● **Supplied records**

=-=-=

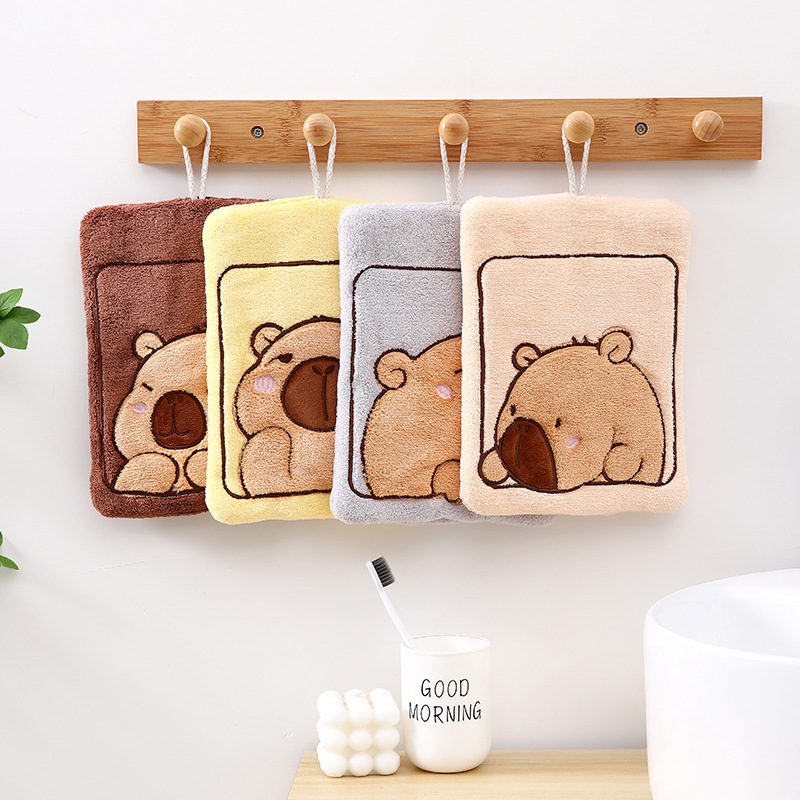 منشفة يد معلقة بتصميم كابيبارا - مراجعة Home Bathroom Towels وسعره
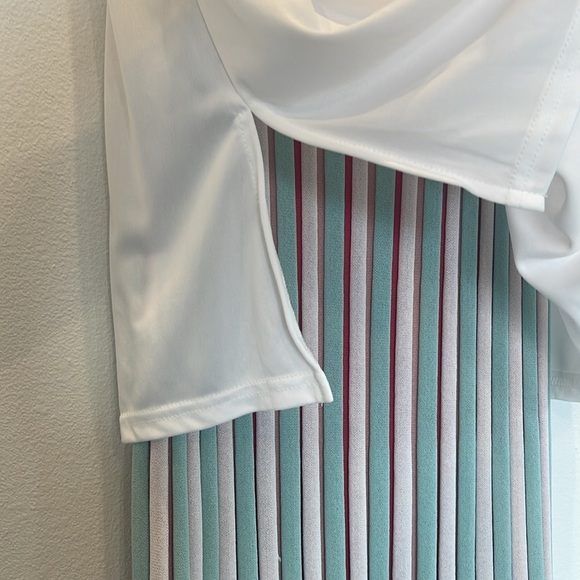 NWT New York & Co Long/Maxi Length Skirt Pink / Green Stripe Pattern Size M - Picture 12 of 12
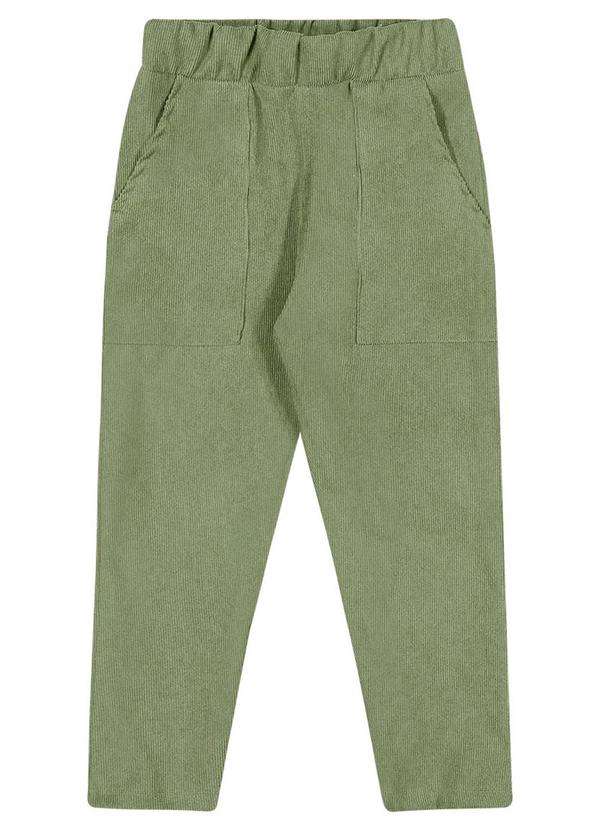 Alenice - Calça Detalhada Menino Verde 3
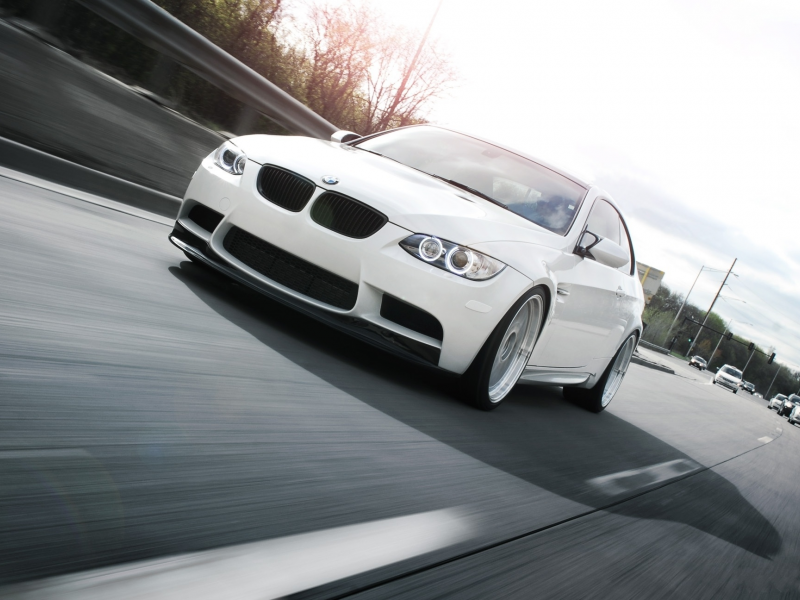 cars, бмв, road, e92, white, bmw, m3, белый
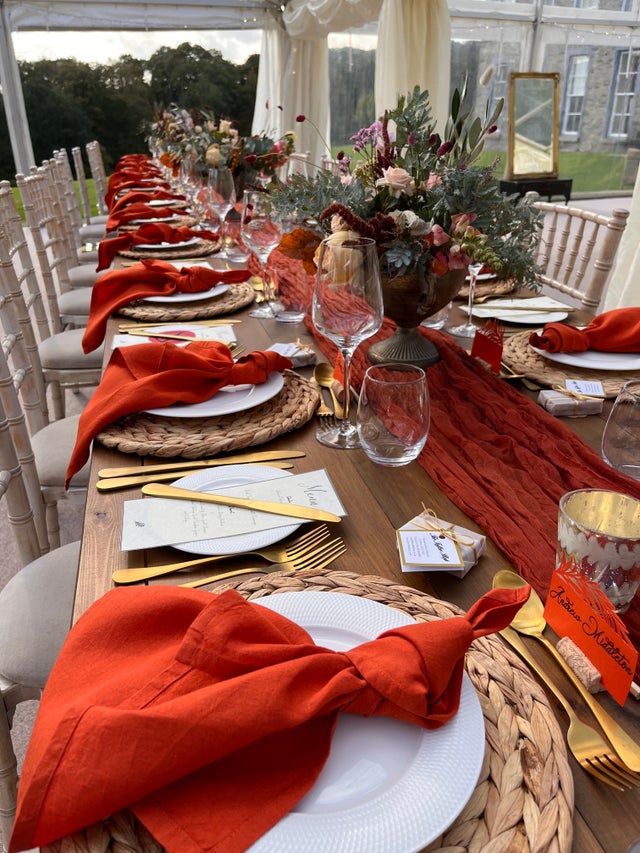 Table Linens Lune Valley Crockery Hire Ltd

=-=-=

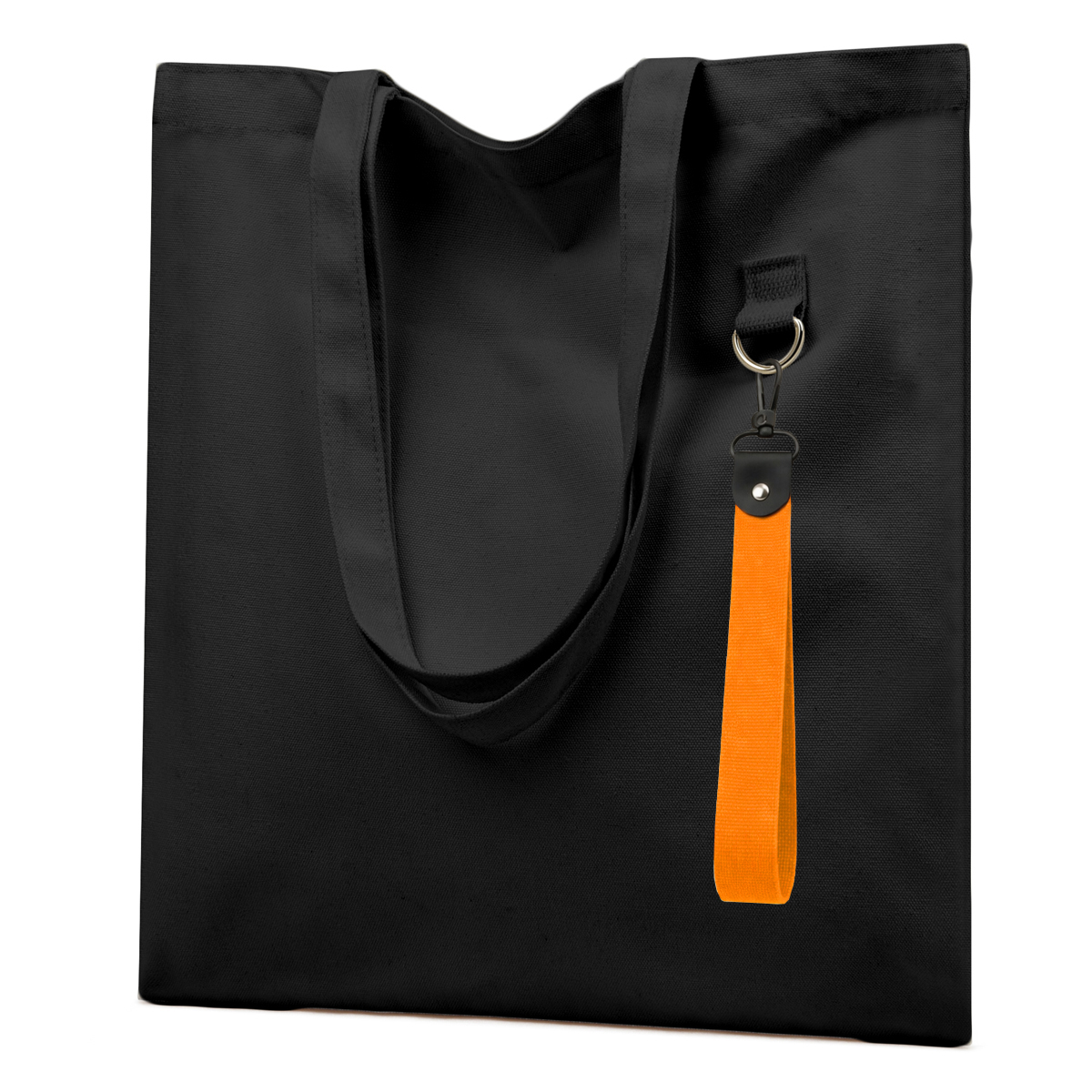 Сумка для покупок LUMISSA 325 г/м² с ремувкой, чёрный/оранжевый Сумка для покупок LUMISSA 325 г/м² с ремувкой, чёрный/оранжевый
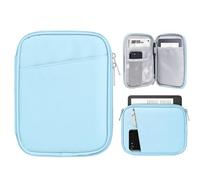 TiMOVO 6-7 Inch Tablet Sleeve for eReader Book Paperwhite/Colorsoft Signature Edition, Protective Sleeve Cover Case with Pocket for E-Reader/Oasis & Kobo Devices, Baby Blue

=-=-=

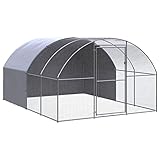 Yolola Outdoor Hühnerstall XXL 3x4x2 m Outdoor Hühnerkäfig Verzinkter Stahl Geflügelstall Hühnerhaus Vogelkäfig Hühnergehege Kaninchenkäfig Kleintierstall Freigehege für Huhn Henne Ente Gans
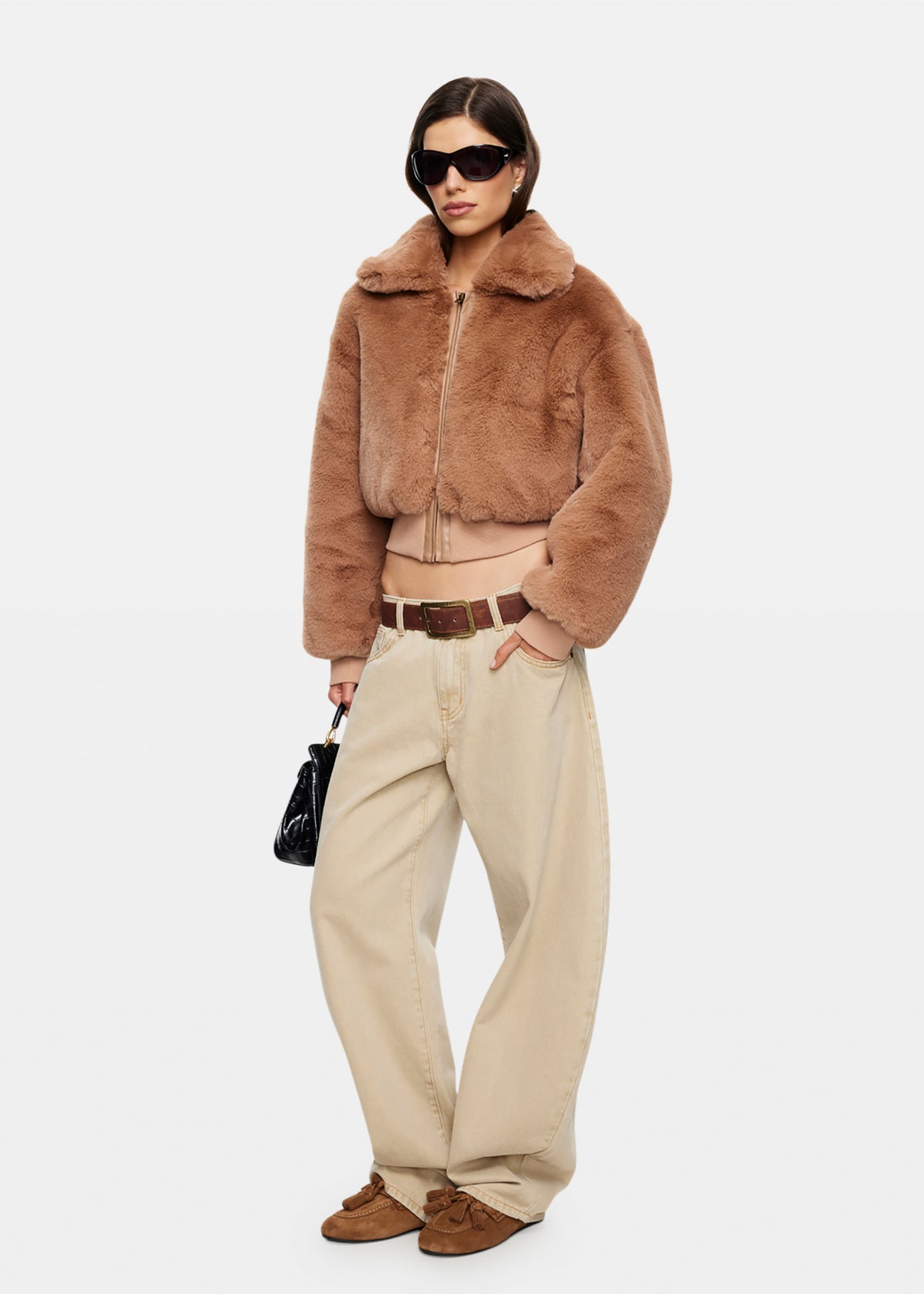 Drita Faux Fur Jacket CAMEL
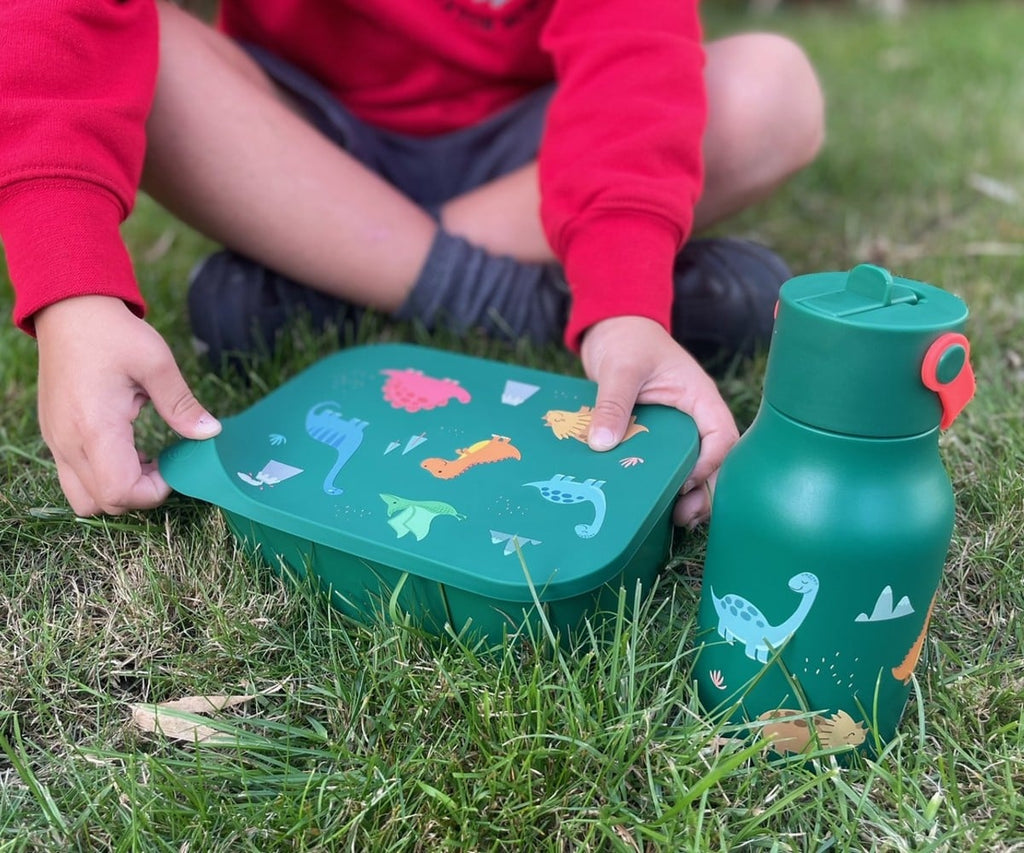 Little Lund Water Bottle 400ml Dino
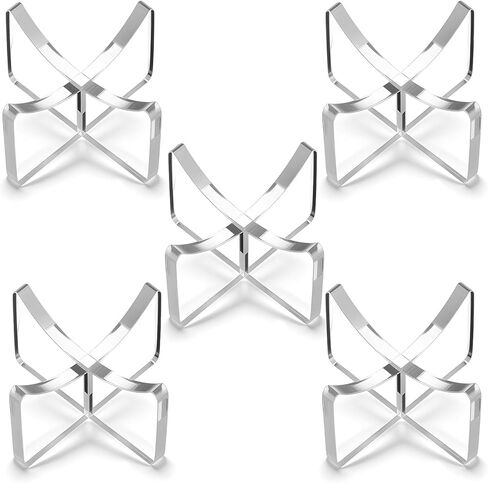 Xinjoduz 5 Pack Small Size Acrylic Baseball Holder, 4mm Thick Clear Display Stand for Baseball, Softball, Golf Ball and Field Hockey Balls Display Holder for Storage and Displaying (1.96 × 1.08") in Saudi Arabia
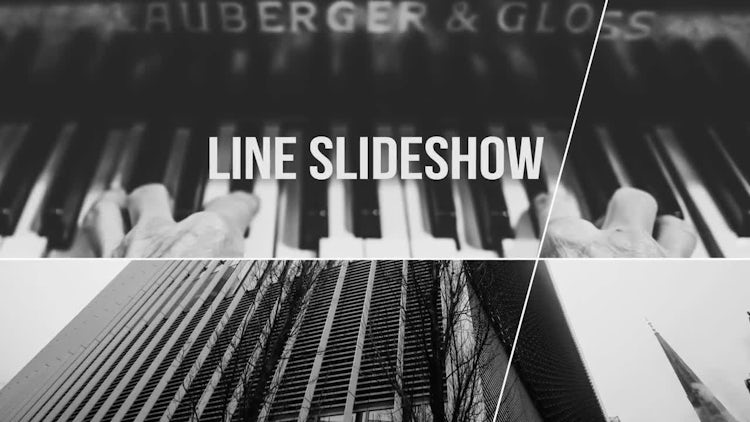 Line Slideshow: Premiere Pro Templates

=-=-=

● **The problem**
Set down exactly the lines above, from the line containing "NWT New York" through the line containing "Table Linens Lune Valley Crockery Hire Ltd". Skip the pictures.

● **Response area**
 NWT New York & Co Long/Maxi Length Skirt Pink / Green Stripe Pattern Size M - Picture 12 of 12
 Alenice - Calça Detalhada Menino Verde 3
 cars, бмв, road, e92, white, bmw, m3, белый
 Table Linens Lune Valley Crockery Hire Ltd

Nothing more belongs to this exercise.